* Work to be completed
Would you restate every entry that follows, word for word, and leave out the pictures?

[Image-text web data]
/---

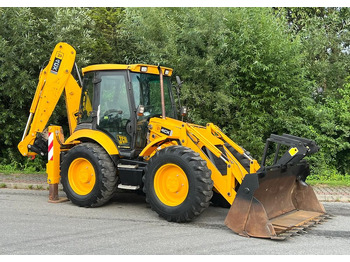 Багер-товарач JCB 4CX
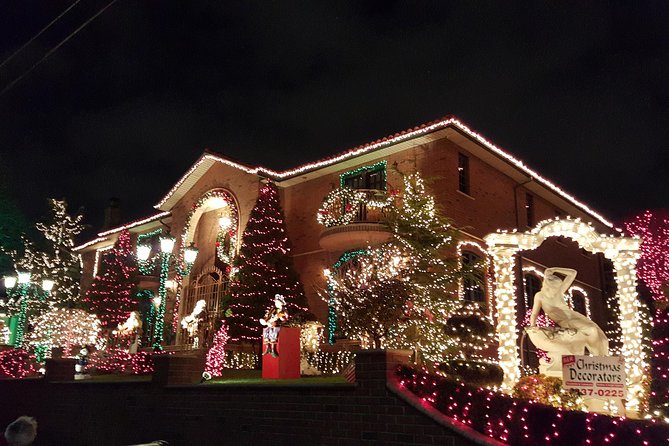 Dyker Heights Brooklyn Christmas Lights Tour - The Guided Walk in Dyker Heights, Where the Stories Make the Lights Mean Something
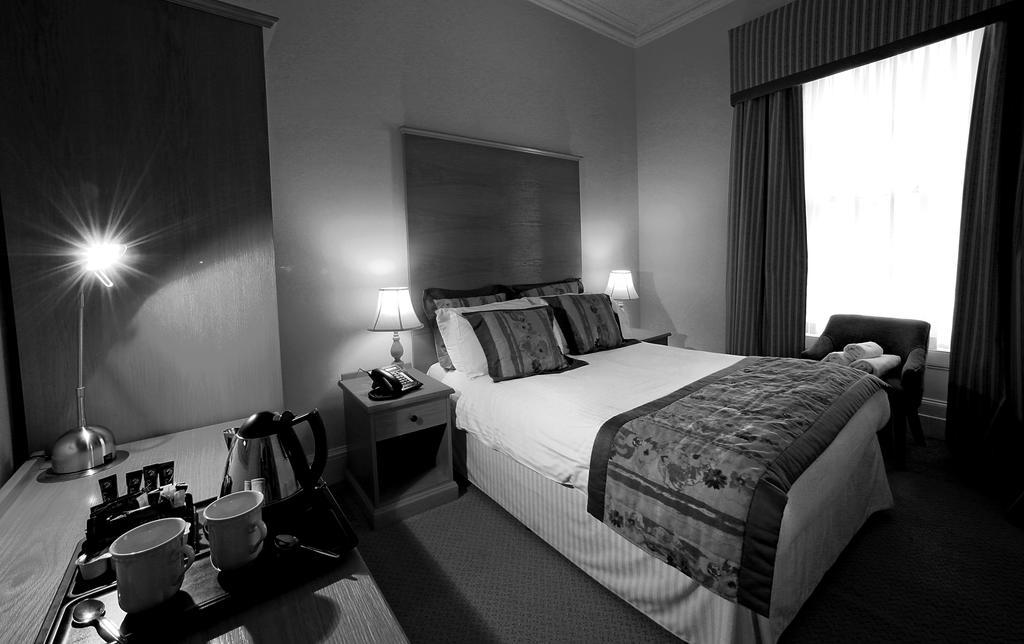 אייר Horizon Hotel מראה חיצוני תמונה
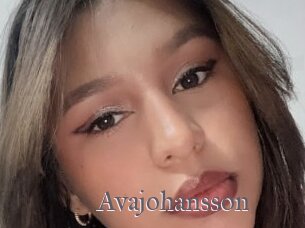 Avajohansson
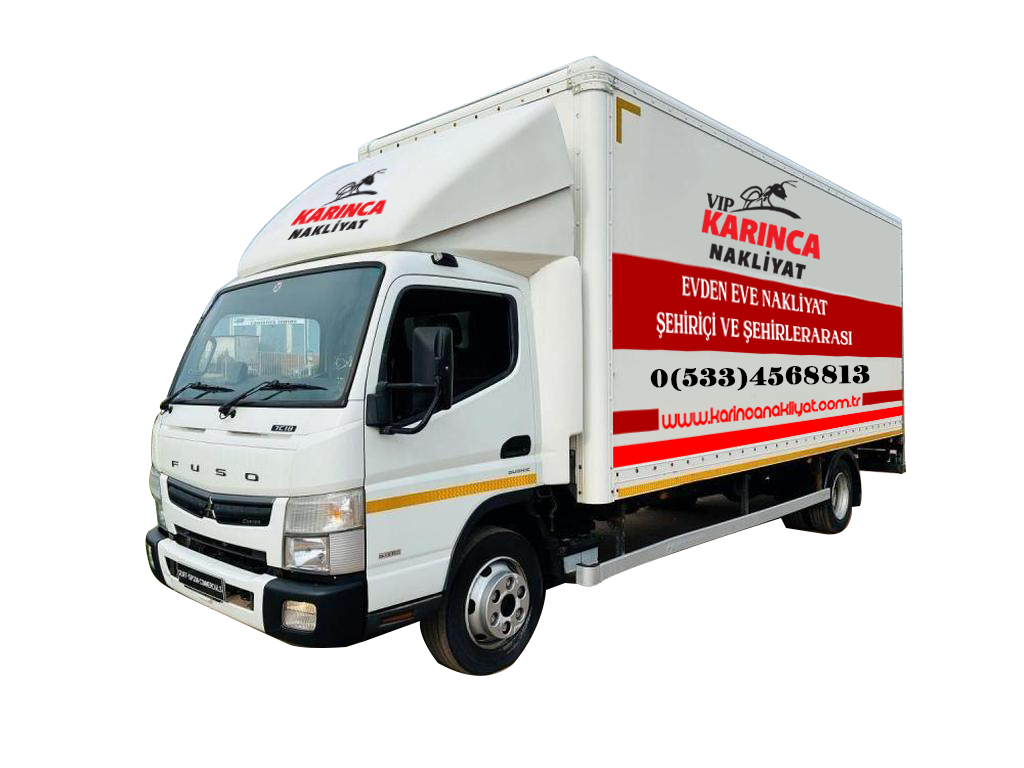 karinca evden eve nakliyat 10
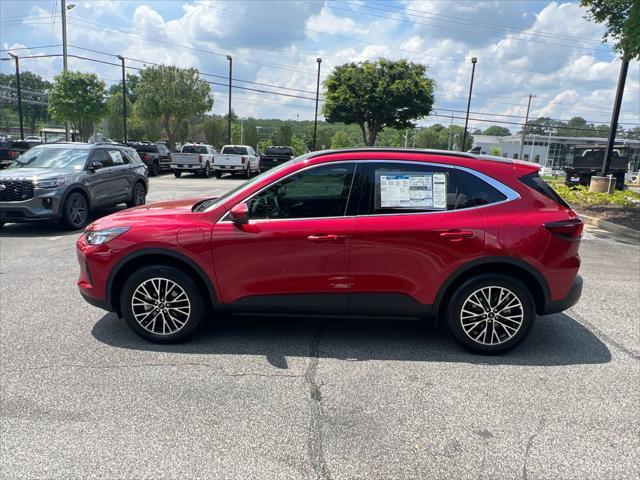 new 2025 Ford Escape PHEV car, priced at $41,985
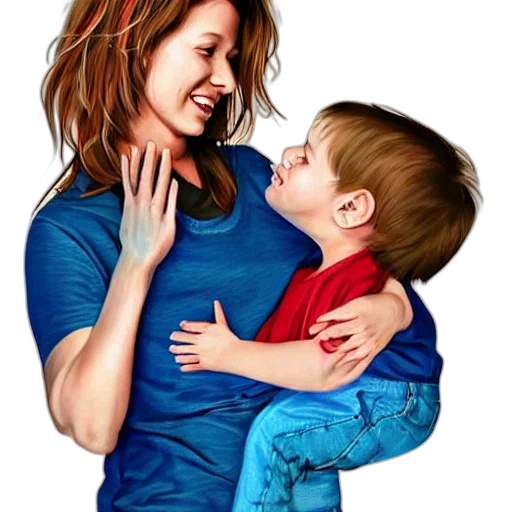 photorealistic, oil painting, watercolor, cartoon transparent PNG cut-out
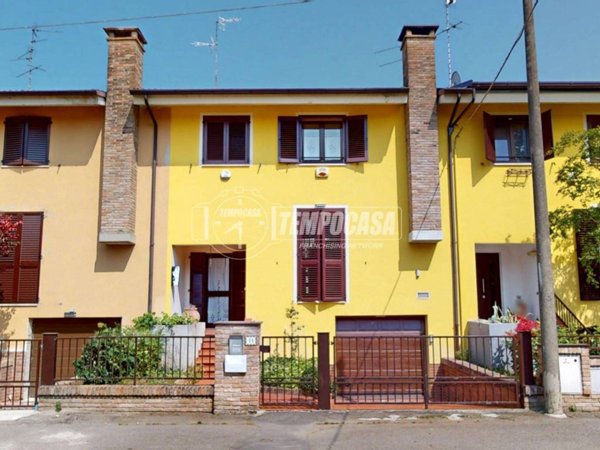 casa indipendente in vendita a Rio Saliceto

\---

* Answer to this task
 Багер-товарач JCB 4CX
 Dyker Heights Brooklyn Christmas Lights Tour - The Guided Walk in Dyker Heights, Where the Stories Make the Lights Mean Something
 אייר Horizon Hotel מראה חיצוני תמונה
 Avajohansson
 karinca evden eve nakliyat 10
 new 2025 Ford Escape PHEV car, priced at $41,985
 photorealistic, oil painting, watercolor, cartoon transparent PNG cut-out
 casa indipendente in vendita a Rio Saliceto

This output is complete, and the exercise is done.